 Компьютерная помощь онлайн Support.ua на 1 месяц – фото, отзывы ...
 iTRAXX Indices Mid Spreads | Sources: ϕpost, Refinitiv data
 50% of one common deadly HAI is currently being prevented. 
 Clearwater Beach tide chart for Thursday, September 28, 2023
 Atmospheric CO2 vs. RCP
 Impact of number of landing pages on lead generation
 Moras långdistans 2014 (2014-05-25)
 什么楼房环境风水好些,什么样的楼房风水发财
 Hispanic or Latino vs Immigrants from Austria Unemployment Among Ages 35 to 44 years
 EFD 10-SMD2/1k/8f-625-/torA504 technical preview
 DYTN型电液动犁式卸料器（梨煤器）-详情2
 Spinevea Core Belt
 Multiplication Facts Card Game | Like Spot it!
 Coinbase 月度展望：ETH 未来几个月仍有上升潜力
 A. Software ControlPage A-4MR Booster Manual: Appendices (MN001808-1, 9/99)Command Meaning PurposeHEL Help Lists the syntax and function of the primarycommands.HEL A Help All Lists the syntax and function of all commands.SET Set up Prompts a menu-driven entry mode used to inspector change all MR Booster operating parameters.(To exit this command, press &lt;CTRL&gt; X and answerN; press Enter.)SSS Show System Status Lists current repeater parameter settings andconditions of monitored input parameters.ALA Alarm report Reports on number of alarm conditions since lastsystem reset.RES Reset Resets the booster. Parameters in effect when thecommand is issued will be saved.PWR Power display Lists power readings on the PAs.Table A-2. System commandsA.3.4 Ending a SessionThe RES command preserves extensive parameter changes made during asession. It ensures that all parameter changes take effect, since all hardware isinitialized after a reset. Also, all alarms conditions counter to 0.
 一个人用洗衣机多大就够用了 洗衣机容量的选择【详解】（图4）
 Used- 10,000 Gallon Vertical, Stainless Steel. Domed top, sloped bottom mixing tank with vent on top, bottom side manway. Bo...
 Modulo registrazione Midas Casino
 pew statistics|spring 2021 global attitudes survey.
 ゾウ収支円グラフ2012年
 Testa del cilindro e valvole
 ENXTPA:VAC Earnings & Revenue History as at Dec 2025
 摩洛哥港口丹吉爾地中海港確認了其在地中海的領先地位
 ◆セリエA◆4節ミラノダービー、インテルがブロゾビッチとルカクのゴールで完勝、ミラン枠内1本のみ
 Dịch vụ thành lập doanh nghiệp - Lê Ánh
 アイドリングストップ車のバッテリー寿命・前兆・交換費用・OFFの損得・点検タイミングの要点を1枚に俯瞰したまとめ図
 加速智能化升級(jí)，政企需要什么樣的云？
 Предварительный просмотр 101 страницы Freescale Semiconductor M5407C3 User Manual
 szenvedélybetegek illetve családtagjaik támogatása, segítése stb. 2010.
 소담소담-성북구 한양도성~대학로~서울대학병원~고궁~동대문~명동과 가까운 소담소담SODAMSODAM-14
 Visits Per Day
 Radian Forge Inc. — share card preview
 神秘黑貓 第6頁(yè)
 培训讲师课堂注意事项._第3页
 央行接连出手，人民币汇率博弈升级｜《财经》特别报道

*****

◆ Work instruction ◆
An exact transcription of the entries is needed, complete to the final line.

◆ Task solution ◆
 Компьютерная помощь онлайн Support.ua на 1 месяц – фото, отзывы ...
 iTRAXX Indices Mid Spreads | Sources: ϕpost, Refinitiv data
 50% of one common deadly HAI is currently being prevented. 
 Clearwater Beach tide chart for Thursday, September 28, 2023
 Atmospheric CO2 vs. RCP
 Impact of number of landing pages on lead generation
 Moras långdistans 2014 (2014-05-25)
 什么楼房环境风水好些,什么样的楼房风水发财
 Hispanic or Latino vs Immigrants from Austria Unemployment Among Ages 35 to 44 years
 EFD 10-SMD2/1k/8f-625-/torA504 technical preview
 DYTN型电液动犁式卸料器（梨煤器）-详情2
 Spinevea Core Belt
 Multiplication Facts Card Game | Like Spot it!
 Coinbase 月度展望：ETH 未来几个月仍有上升潜力
 A. Software ControlPage A-4MR Booster Manual: Appendices (MN001808-1, 9/99)Command Meaning PurposeHEL Help Lists the syntax and function of the primarycommands.HEL A Help All Lists the syntax and function of all commands.SET Set up Prompts a menu-driven entry mode used to inspector change all MR Booster operating parameters.(To exit this command, press &lt;CTRL&gt; X and answerN; press Enter.)SSS Show System Status Lists current repeater parameter settings andconditions of monitored input parameters.ALA Alarm report Reports on number of alarm conditions since lastsystem reset.RES Reset Resets the booster. Parameters in effect when thecommand is issued will be saved.PWR Power display Lists power readings on the PAs.Table A-2. System commandsA.3.4 Ending a SessionThe RES command preserves extensive parameter changes made during asession. It ensures that all parameter changes take effect, since all hardware isinitialized after a reset. Also, all alarms conditions counter to 0.
 一个人用洗衣机多大就够用了 洗衣机容量的选择【详解】（图4）
 Used- 10,000 Gallon Vertical, Stainless Steel. Domed top, sloped bottom mixing tank with vent on top, bottom side manway. Bo...
 Modulo registrazione Midas Casino
 pew statistics|spring 2021 global attitudes survey.
 ゾウ収支円グラフ2012年
 Testa del cilindro e valvole
 ENXTPA:VAC Earnings & Revenue History as at Dec 2025
 摩洛哥港口丹吉爾地中海港確認了其在地中海的領先地位
 ◆セリエA◆4節ミラノダービー、インテルがブロゾビッチとルカクのゴールで完勝、ミラン枠内1本のみ
 Dịch vụ thành lập doanh nghiệp - Lê Ánh
 アイドリングストップ車のバッテリー寿命・前兆・交換費用・OFFの損得・点検タイミングの要点を1枚に俯瞰したまとめ図
 加速智能化升級(jí)，政企需要什么樣的云？
 Предварительный просмотр 101 страницы Freescale Semiconductor M5407C3 User Manual
 szenvedélybetegek illetve családtagjaik támogatása, segítése stb. 2010.
 소담소담-성북구 한양도성~대학로~서울대학병원~고궁~동대문~명동과 가까운 소담소담SODAMSODAM-14
 Visits Per Day
 Radian Forge Inc. — share card preview
 神秘黑貓 第6頁(yè)
 培训讲师课堂注意事项._第3页
 央行接连出手，人民币汇率博弈升级｜《财经》特别报道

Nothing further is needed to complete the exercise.